▸ **ACTION ITEM**: Omit the images. Restate all of the records word for word.

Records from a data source
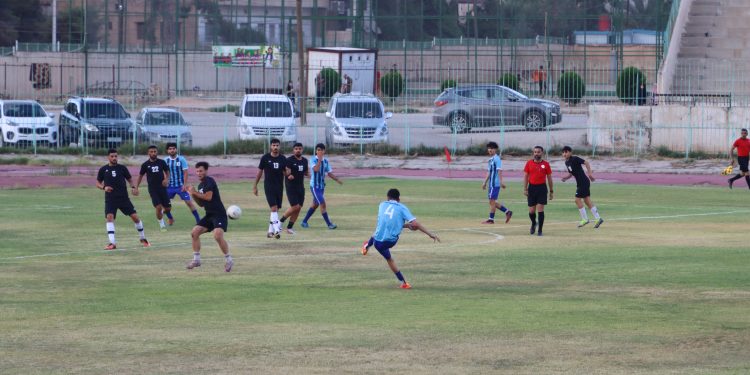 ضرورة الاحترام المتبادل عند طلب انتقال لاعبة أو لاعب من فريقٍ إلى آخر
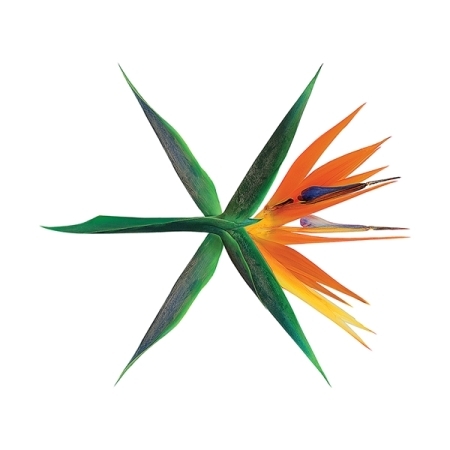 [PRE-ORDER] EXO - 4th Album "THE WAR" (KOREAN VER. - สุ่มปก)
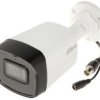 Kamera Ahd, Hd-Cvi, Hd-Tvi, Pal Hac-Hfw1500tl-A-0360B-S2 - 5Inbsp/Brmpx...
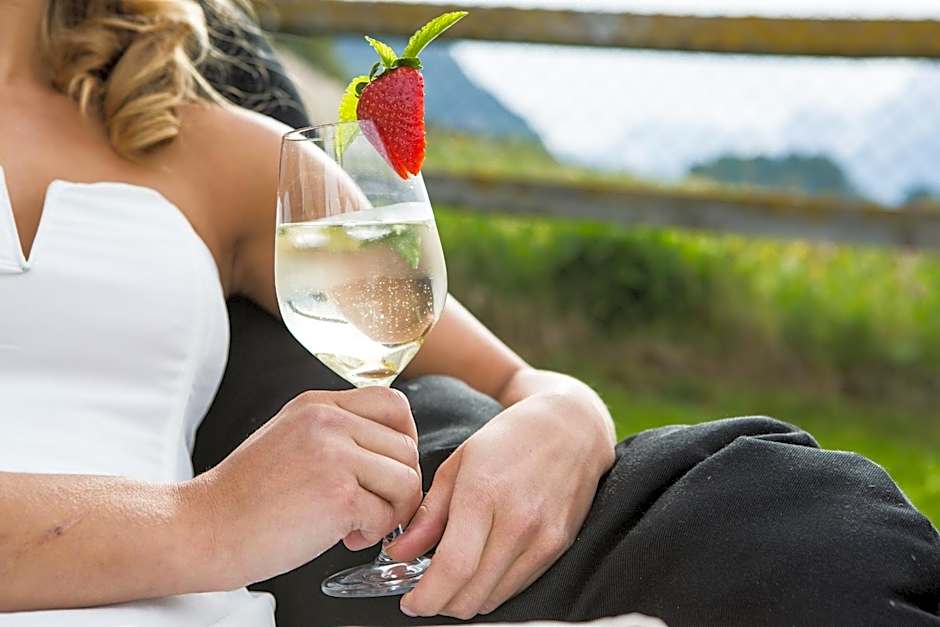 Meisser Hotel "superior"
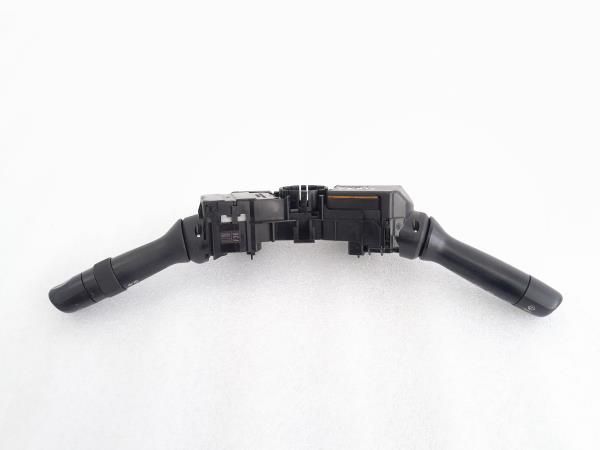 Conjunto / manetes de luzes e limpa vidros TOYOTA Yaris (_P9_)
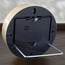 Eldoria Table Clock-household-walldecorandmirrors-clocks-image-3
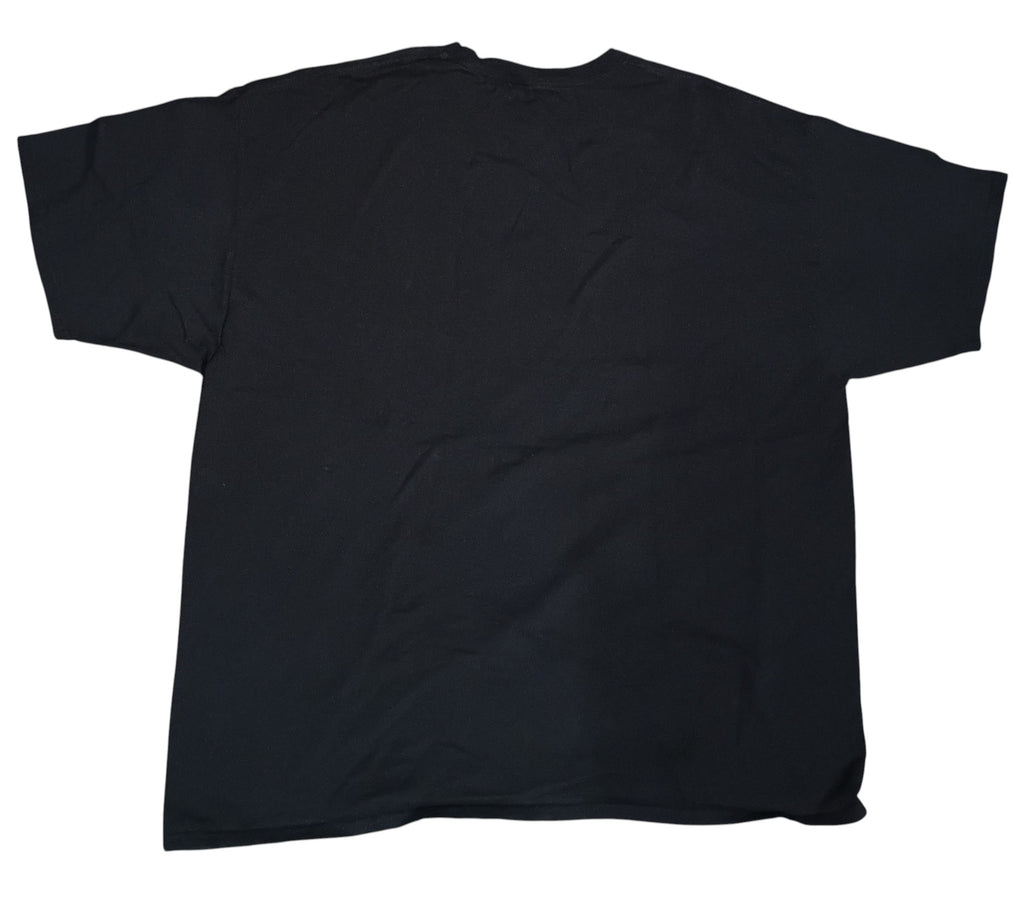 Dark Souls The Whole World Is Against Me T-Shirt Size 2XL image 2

▸ **EXERCISE SOLUTION**:
 ضرورة الاحترام المتبادل عند طلب انتقال لاعبة أو لاعب من فريقٍ إلى آخر
 [PRE-ORDER] EXO - 4th Album "THE WAR" (KOREAN VER. - สุ่มปก)
 Kamera Ahd, Hd-Cvi, Hd-Tvi, Pal Hac-Hfw1500tl-A-0360B-S2 - 5Inbsp/Brmpx...
 Meisser Hotel "superior"
 Conjunto / manetes de luzes e limpa vidros TOYOTA Yaris (_P9_)
 Eldoria Table Clock-household-walldecorandmirrors-clocks-image-3
 Dark Souls The Whole World Is Against Me T-Shirt Size 2XL image 2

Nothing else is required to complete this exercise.